Combien de temps rêva-t-il ? Il avait retrouvé son enfance, les jeux de liane, le bonheur de bavarder avec son perroquet ou de chatouiller son tatou si tendre sous la carapace, ces deux compagnons d’autrefois qui souvent venaient lui rendre visite après l’arbre aux délices. Son petit monde secret était revenu comme chaque fois, où il pouvait gambader à travers le temps, à travers l’espace, libre comme l’air et léger comme la plume, à la fois étoile et ver de terre, feu et glace, puma et ouistiti. Il ne pouvait décidément pas se passer de ces moments où il devenait animal parmi les animaux, plus proche de sa vraie vie que dans ce début de civilisation qu’était le village. C’était sans doute cela, le secret du Chamane, que personne n’était censé connaître et qu’il avait dérobé.

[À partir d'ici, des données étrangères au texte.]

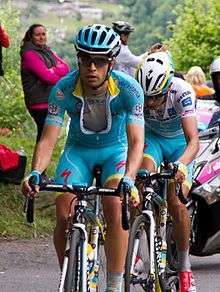 Mikel Landa, wearing the blue Astana jersey, riding ahead of Fabio Aru, who is wearing the white jersey of the best young rider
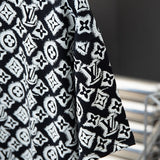 Full styled look of Louis Vuitton cotton t-shirt with monogram-inspired silhouette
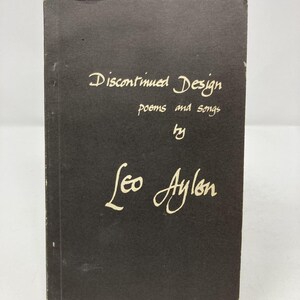 May include: A black book titled "Discontinued Design" with the subtitle "poems and songs" by Leo Aylon. The text is in a handwritten style and is in a cream color. The book is standing upright.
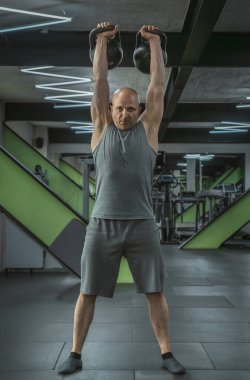 Erkek sporcu spor salonunda ağırlık kaldırır.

Innocent, il se sentait délivré du poids du lendemain et de ce que ses frères moqueurs nommaient à chacun de ses retours piteux « la glorieuse incertitude de la chasse ». Cette seule idée le réveilla en sursaut. Hagard, il regarda autour de lui et comprit que sa situation ne s’était pas améliorée en son absence : il faisait nuit, il aurait dû être rentré depuis longtemps bien chargé de victuailles et l’impatience devait gagner les chaumières, encore une fois, une fois de plus, une fois de trop sans doute. 

Qu’importe, se dit-il, fanfaron mais pas trop. Bien que l’air humide fût tout aussi chaud, il y avait à la place du soleil et ses lingots de plomb une lune souriante et bonace surmontée d’une étoile. Il entendait les mille bruits de la forêt et ses oreilles commencèrent à repérer ce que ses yeux n’avaient pas su voir le jour. Parfois après une longue errance et sans que l’on sache ni comment ni pourquoi, l’inextricable devient simple, l’obscur évident, et le doute s’évanouit. Certain cette fois qu’il allait réussir, il saisit sa flèche et après un moment d’hésitation dû non à la crainte mais à la réflexion, il s’engagea d’un pas ferme dans la direction que lui indiquait l’étoile.